BATON ROUGE — The LSU women’s track and field program has been recognized by the U.S. Track and Field and Cross Country Coaches Association as the nation’s premier indoor squad on the organization’s Silver Anniversary Indoor Team released this week.

The team was decided by a panel of USTFCCCA coaches following this year’s NCAA Indoor Championships in Fayetteville, Ark., and is meant to compliment the NCAA’s celebration of 25 years of women competing in Division I championships.

Selection to the Silver Anniversary Indoor Team was based on performances at the NCAA Division I Women’s Indoor Track and Field Championships and consists of the outstanding individuals in each event as well as the top coach and most successful program over that span.

The Lady Tigers, who were also named the nation’s top squad on the Silver Anniversary Outdoor Team released this past year, have won 11 NCAA indoor championships as they own nearly twice as many as the next-best team.
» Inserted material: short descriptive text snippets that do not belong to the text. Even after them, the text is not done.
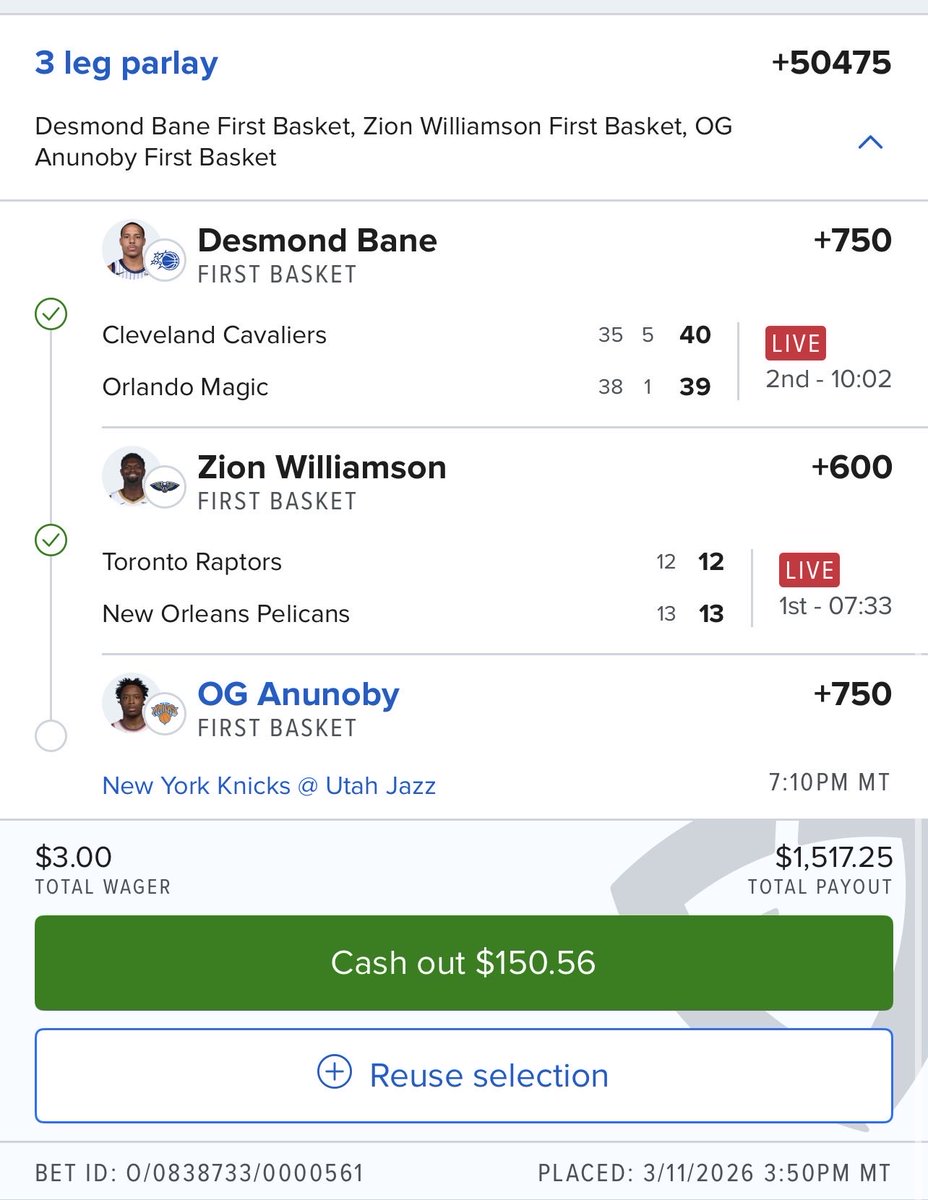 what should i dooo 🙂 #nbafirstbasket #fanduel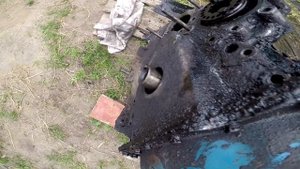 #Т40АМ Капіталь ремонт двигуна Д144.Частина 1 Розборка і дефектовка/Ремонт двигателя Д144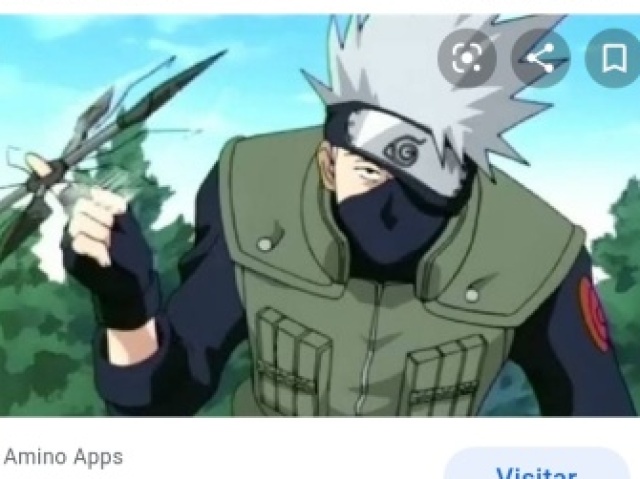 Kakashi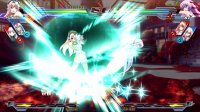 Cкриншот Nitroplus Blasterz: Heroines Infinite Duel, изображение № 26033 - RAWG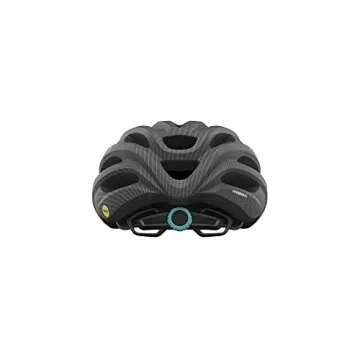 Giro Vasona MIPS Bike Helmet - Women's Matte Titanium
In addition, LSU athletes have won a total of 29 individual NCAA indoor titles along with five relay titles.

Guiding the Lady Tigers to much of their success is former head track and field coach Pat Henry, who has been honored as the outstanding coach on the Silver Anniversary Indoor Team following his selection on the Silver Anniversary Outdoor Team last year.

Henry led the Lady Tigers to 10 NCAA championships in his 17 years as head coach from 1988-2004, including a record five titles in a row from 1993-97. LSU also finished national runner-up on two occasions, and the 1989 national championship team featured four individual winners.

With the team’s unprecedented success under Henry’s tutelage, the program was also responsible for many outstanding individual performers and relay teams. Among the premier sprinters in the illustrious history of the Lady Tiger program is former LSU great Muna Lee, who was named the nation’s top performer in the 200-meter dash over the last 25 years.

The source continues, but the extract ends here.